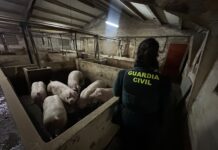 Animales rescatados en Aldea Real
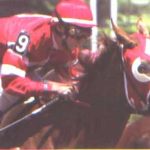 Silks & Matching Blinkers
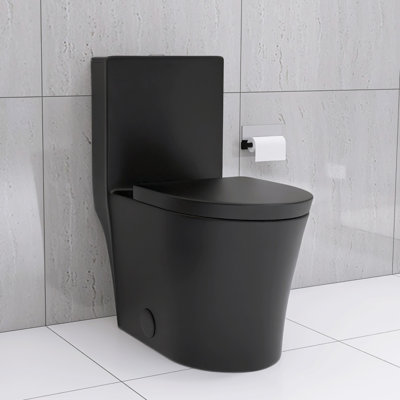 Elongated One Piece Toilet Dual Flush 1.1/1.6 GPF Water Saving Map 1000G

AIM OF THE TASK: With images left out, the data must be transcribed exactly.

WORKED SOLUTION:
 Animales rescatados en Aldea Real
 Silks & Matching Blinkers
 Elongated One Piece Toilet Dual Flush 1.1/1.6 GPF Water Saving Map 1000G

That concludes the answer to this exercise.